1983 The Crisis of shell shock on the Somme 1916
Paralysis; stuttering; the 'shakes'; inability to stand or walk; temporary blindness or deafness. When strange symptoms like these started to appear in men at Casualty Clearing Stations in 1915, a debate began in army and medical circles as to what it was, what had caused it and what could be done to cure it. But the numbers were never large. Then in July 1916 with the start of the Battle of the Somme the incidence of shell shock rocketed. The high command of the British army began to panic. An increasingly large number of men seemed to have simply lost the will to fight.

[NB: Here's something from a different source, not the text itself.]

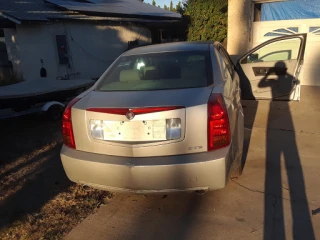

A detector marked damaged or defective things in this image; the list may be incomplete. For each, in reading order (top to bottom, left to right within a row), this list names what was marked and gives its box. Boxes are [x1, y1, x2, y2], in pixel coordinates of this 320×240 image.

detached car door [235, 33, 308, 101]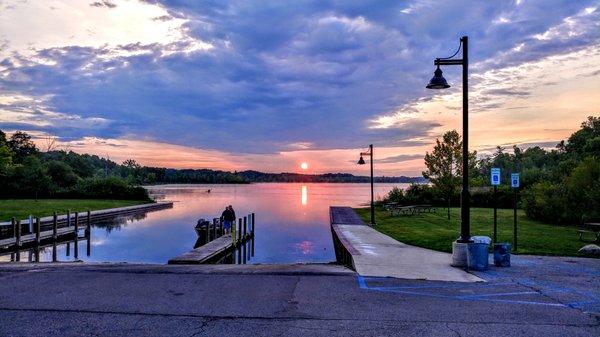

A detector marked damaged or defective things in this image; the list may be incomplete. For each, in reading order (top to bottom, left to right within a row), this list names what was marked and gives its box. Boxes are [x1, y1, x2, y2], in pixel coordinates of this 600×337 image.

cracked pavement [0, 258, 596, 334]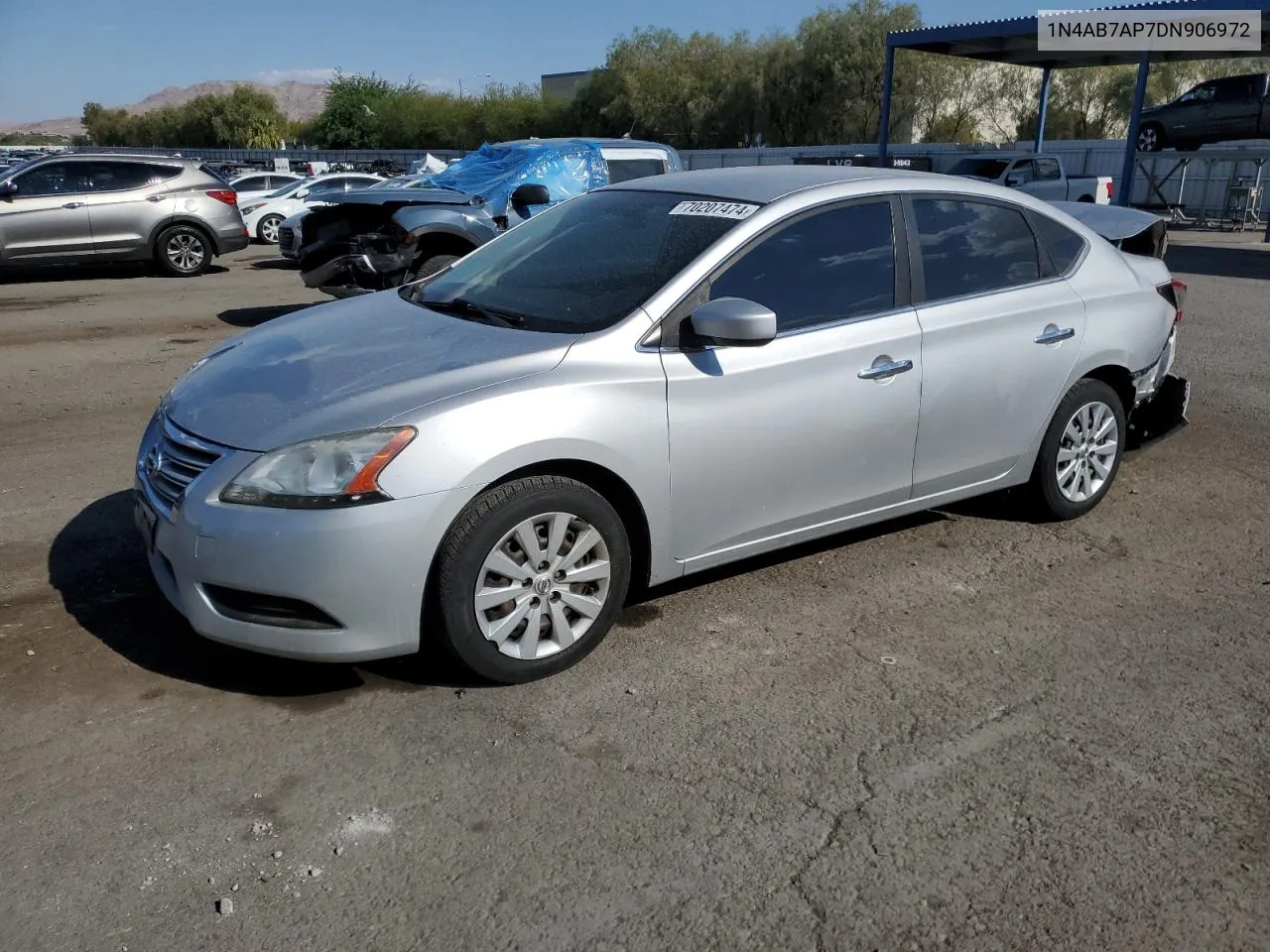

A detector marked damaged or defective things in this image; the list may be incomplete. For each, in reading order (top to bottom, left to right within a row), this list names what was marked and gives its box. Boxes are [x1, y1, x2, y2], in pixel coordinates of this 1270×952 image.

As entire battalions had to be withdrawn from the front, commanders and military doctors desperately tried to come up with explanations as to what was going wrong. 'Shell shock' - what we would now refer to as battle trauma - was sweeping the Western Front.
Re-assessing the official casualty figures, Taylor Downing for the first time comes up with an accurate estimate of the total numbers who were taken out of action by psychological wounds. It is a shocking figure.
Breakdown follows single individuals and whole units from signing up to the Pals Battalions of 1914, through to the horrors of their experiences on the Somme which led to the shell shock that, unrelated to weakness or cowardice, left the men unable to continue fighting. He shines a light on the official - and brutal - response to the epidemic, even against those officers and doctors who looked on it sympathetically. It was, they believed, a form of hysteria. It was contagious. And it had to be stopped.
Breakdown brings an entirely new perspective to bear on one of the iconic battles of the First World War.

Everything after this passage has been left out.